Polls show no other party – of the two traditional ones and six others – will gain much more than 5 percent of the vote. Polls open at 7am local time (13:00 GMT) at nearly 1,600 voting centres around the country, and officials expect preliminary results a few hours after polls close at 5pm (23:00 GMT).
Even though Bukele is not up for re-election, which is prohibited by the Salvadoran constitution, he has been campaigning for his party in the hopes of winning a majority or supermajority of legislators until his term ends in 2025.
Since the peace accords, no party has won a simple majority of 43 seats in the assembly without forming a coalition with legislators from other smaller parties.
Authoritarian slide?
Since taking office in June 2019, human rights groups in El Salvador have warned of Bukele’s increasingly authoritarian governing style.

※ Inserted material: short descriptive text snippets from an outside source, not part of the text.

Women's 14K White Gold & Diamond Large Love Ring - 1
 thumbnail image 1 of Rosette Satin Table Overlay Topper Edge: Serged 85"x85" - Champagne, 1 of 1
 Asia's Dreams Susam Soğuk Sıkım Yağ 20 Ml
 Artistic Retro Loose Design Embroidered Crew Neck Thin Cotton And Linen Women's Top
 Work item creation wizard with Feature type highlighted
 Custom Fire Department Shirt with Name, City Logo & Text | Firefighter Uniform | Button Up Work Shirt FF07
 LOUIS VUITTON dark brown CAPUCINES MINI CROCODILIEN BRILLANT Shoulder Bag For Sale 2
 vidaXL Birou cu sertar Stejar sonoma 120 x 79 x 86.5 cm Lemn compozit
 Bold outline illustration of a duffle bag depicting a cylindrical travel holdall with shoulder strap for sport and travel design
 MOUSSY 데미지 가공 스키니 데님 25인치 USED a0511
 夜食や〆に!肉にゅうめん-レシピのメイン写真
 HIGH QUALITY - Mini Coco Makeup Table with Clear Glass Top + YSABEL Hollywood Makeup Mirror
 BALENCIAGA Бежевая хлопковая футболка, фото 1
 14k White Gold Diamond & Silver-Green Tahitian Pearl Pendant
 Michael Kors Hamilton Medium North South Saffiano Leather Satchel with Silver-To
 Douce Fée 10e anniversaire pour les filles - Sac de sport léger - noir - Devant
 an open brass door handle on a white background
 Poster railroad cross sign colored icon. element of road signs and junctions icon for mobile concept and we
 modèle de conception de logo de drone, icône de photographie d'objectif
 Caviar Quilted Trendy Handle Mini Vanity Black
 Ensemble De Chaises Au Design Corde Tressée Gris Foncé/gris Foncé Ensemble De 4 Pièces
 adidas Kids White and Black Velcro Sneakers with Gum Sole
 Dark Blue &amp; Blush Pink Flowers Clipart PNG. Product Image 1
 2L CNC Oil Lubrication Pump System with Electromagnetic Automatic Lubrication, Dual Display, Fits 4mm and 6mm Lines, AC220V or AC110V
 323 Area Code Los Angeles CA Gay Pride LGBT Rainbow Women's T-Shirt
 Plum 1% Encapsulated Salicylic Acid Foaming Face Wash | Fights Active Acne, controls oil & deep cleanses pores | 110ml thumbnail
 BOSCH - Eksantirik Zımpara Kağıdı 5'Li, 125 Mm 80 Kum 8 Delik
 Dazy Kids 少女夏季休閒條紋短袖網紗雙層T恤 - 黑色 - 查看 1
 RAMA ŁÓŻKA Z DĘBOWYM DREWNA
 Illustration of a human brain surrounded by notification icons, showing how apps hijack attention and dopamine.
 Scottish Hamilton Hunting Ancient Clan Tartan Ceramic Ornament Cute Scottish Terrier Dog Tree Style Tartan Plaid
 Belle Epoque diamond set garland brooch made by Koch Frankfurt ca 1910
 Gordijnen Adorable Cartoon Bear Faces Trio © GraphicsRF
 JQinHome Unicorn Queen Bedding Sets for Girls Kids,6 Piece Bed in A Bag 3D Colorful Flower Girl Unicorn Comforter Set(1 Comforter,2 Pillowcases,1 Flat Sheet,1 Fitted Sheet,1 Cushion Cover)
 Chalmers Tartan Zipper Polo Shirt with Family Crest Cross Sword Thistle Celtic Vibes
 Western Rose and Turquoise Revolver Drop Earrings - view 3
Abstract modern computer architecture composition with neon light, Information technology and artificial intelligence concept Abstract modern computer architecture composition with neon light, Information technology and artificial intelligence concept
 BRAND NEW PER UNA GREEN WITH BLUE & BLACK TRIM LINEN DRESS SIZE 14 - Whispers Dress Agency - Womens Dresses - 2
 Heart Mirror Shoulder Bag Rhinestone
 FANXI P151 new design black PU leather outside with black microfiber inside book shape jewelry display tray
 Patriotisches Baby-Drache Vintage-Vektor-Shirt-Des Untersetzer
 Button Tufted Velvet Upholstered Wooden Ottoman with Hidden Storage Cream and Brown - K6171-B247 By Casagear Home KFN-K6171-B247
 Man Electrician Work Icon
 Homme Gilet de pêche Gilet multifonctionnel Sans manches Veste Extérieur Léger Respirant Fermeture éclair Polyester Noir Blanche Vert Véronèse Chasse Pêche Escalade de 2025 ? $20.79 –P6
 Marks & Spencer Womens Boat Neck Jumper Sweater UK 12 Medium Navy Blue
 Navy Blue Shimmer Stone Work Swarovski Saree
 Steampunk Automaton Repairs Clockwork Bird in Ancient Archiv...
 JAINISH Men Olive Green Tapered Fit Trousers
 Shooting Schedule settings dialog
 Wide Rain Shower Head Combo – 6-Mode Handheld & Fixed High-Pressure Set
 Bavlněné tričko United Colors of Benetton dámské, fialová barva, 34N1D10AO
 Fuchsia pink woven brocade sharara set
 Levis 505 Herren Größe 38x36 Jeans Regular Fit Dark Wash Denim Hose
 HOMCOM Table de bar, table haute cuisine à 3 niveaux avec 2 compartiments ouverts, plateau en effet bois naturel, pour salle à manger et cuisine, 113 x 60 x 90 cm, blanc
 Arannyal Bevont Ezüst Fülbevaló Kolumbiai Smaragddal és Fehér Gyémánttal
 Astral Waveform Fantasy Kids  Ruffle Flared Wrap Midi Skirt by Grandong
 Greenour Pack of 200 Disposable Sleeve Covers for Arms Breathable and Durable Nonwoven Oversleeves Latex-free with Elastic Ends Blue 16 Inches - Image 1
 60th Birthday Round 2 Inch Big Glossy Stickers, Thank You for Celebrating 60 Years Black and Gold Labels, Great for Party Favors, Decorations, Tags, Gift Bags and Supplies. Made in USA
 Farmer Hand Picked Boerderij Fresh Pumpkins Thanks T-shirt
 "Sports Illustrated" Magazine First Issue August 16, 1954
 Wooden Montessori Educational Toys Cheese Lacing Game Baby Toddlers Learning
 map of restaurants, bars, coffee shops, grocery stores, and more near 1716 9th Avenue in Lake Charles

They are particularly worried about his use of the armed forces, which played a troubling role in El Salvador’s past and carried out massacres against unarmed civilians during the civil war.
On February 9, 2020, Bukele entered the national assembly with the armed forces to pressure legislators to pass a loan to support his security plan.
Bukele has rejected and mocked criticisms about his governing style, saying he would have taken even more extreme action like shooting his opponents if he truly were a dictator. He and his supporters have used the hashtag #QueBonitaDictadura (What a Beautiful Dictatorship) on social media to highlight public work projects and other government initiatives.
When more than 40 civil society groups approached candidates from all parties to sign a letter committing to respecting democratic norms, no candidate for Nuevas Ideas signed on.
Many human rights groups and political analysts considered the February 2020 episode a dress rehearsal for what is to come.
“Voters think that if Bukele behaves badly, they will correct it with the next election, but it’s possible that there won’t be another election with the same rules of the game as clear as they have been since the peace accords,” said Salvadoran human rights defender Celia Medrano.
“The problem that is at stake on February 28 is that this frustration won’t matter if he manages to control everything because it will already be too late.”
Widespread support
Some voters say they want their vote to counteract this potential concentration of power.
“He wants to gain too much power. If they have all the power, they’re going to want to do whatever they want,” said Daniel Pinos, a 41-year-old street vendor who plans to vote for opposition candidates from new parties VAMOS and Nuestro Tiempo.
“If there are other parties, it’s more complicated. They’re not going to be able to do whatever they want.”
But most voters brush off critiques of Bukele and his authoritarian tendencies as political infighting or jealousy.
“Unfortunately, they (the traditional parties) haven’t done things the right way, and their stealing has come out all over – in the radio, TV, and newspapers,” said Nuevas Ideas voter Julio Munoz, a 56-year old vegetable seller.
“They want to talk bad about the president because it suits them because they’re going to lose and they’re not going to be governing. It’s all over for them.”
Nuevas Ideas supporter Roberto Antonio Linares, 52, said he does not want to see the government become a dictatorship because he remembers the harm these governments do to the people. But he does not believe Bukele is on that path.
“We’ll just have to see in the time that he governs if there is no corruption that affects the people,” Linares said.